### Brief
What is needed is an exact transcription of the line containing "Poster a diverse" and every line after it through the end of the entries below, with no pictures.

◆ ◆ ◆ ◆ ◆ ◆ ◆

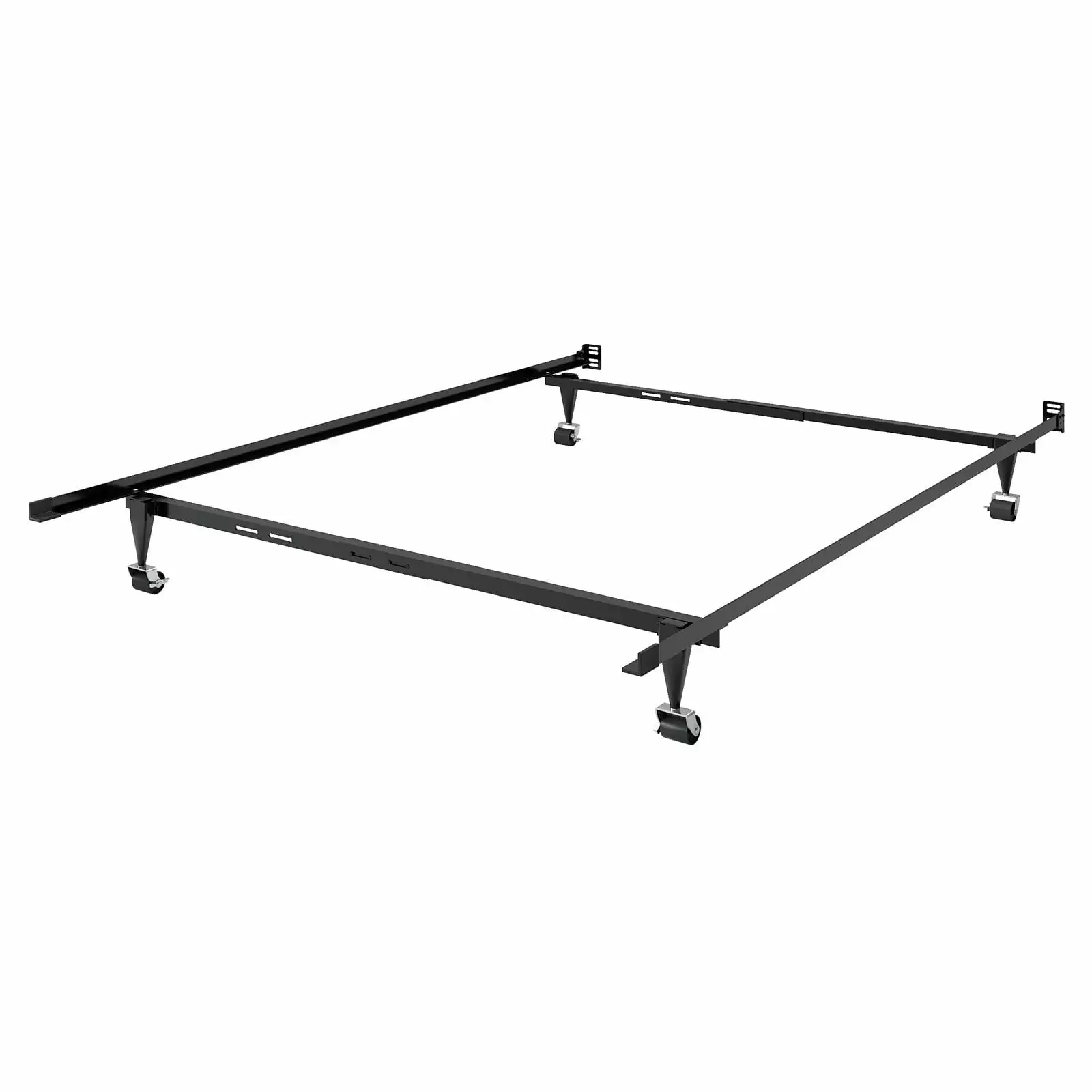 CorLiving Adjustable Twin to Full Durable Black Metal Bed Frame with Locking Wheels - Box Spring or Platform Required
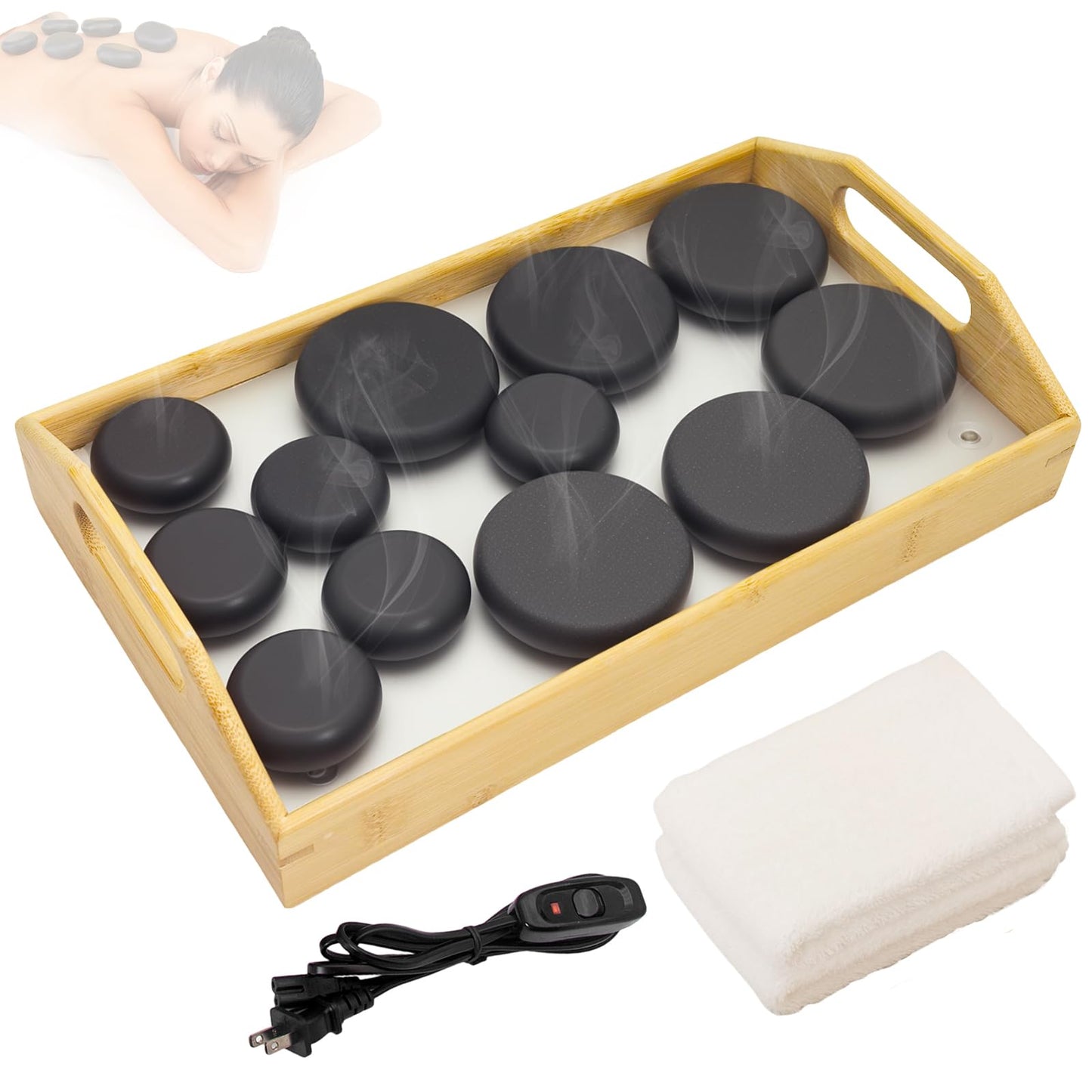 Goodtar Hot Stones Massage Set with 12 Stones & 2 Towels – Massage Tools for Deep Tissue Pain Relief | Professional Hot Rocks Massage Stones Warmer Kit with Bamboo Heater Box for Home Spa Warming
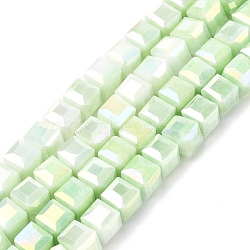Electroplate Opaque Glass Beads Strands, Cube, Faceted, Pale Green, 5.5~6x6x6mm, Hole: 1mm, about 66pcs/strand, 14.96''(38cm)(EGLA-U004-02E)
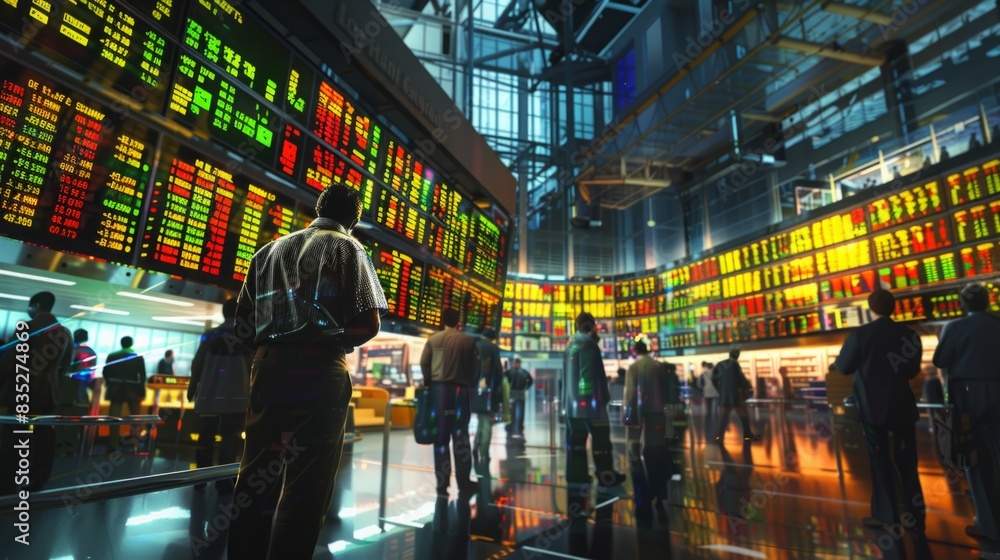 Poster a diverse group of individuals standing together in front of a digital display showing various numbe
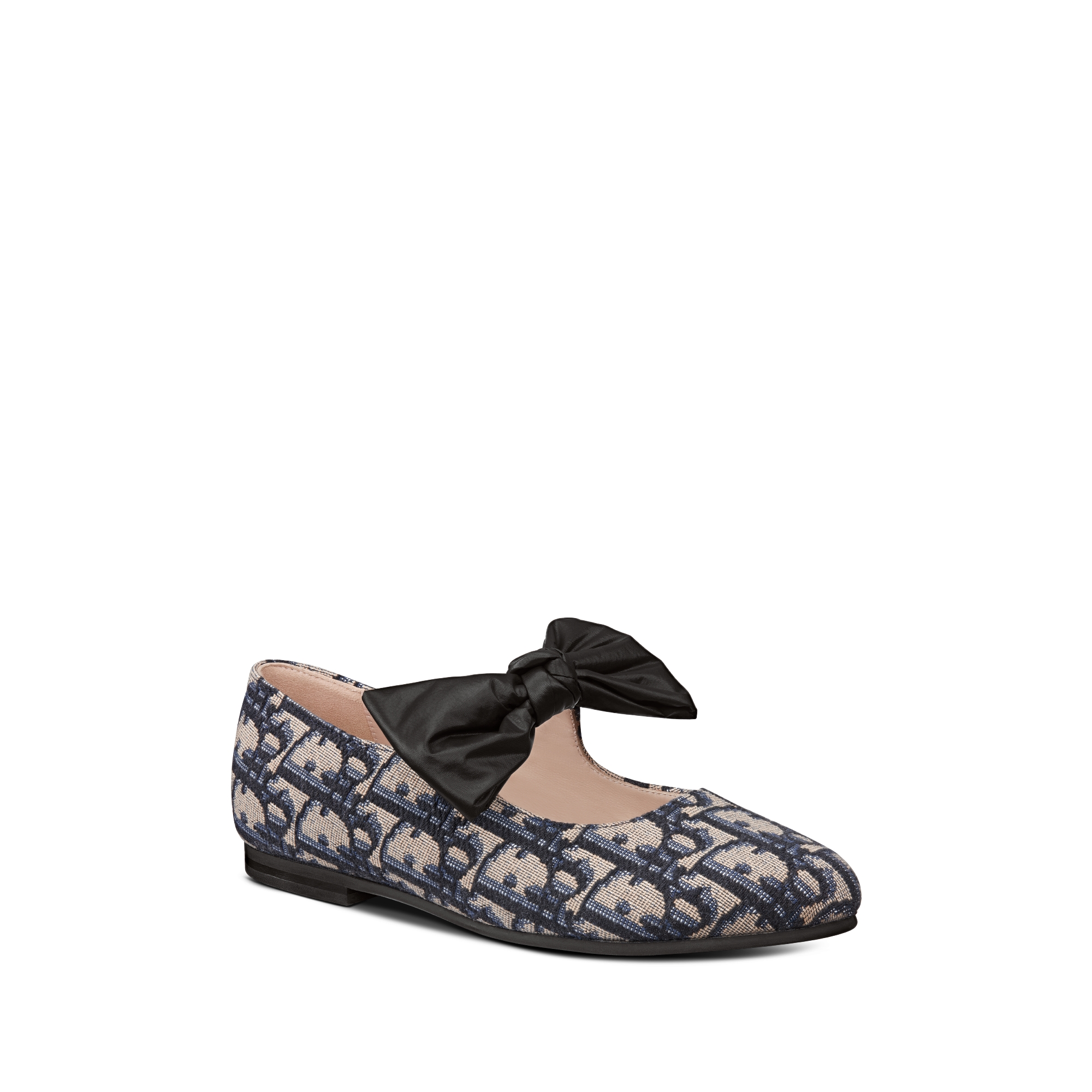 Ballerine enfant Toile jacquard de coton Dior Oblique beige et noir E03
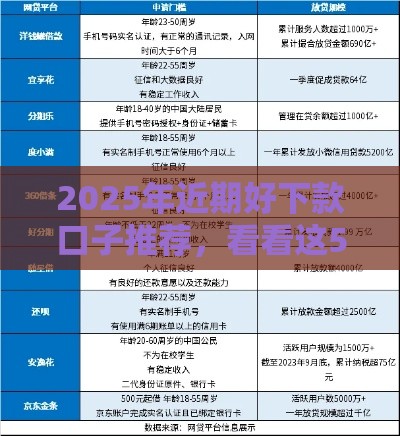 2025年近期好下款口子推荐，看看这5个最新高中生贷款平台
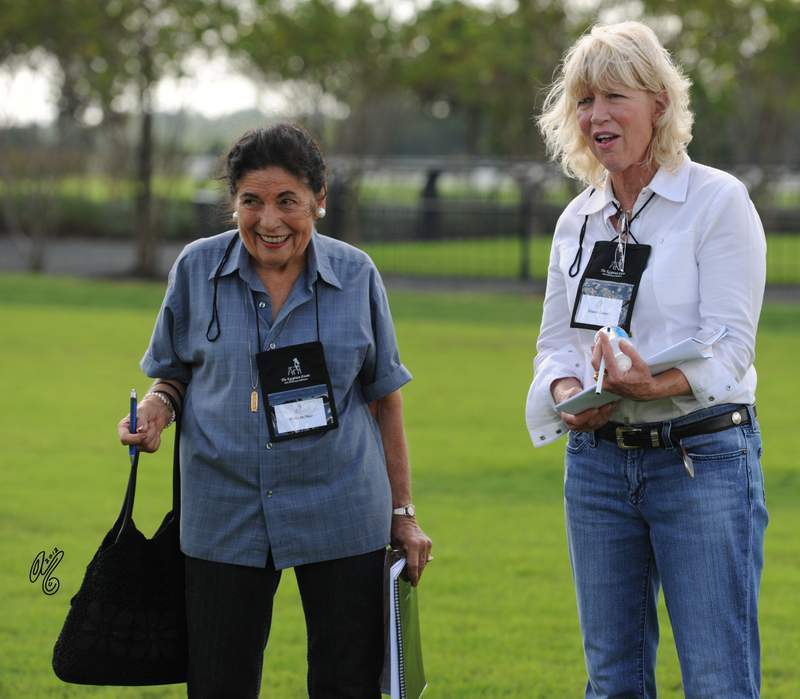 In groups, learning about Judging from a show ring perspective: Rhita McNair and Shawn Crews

◆ ◆ ◆ ◆ ◆ ◆ ◆

### Output for this exercise
 Poster a diverse group of individuals standing together in front of a digital display showing various numbe
 Ballerine enfant Toile jacquard de coton Dior Oblique beige et noir E03
 2025年近期好下款口子推荐，看看这5个最新高中生贷款平台
 In groups, learning about Judging from a show ring perspective: Rhita McNair and Shawn Crews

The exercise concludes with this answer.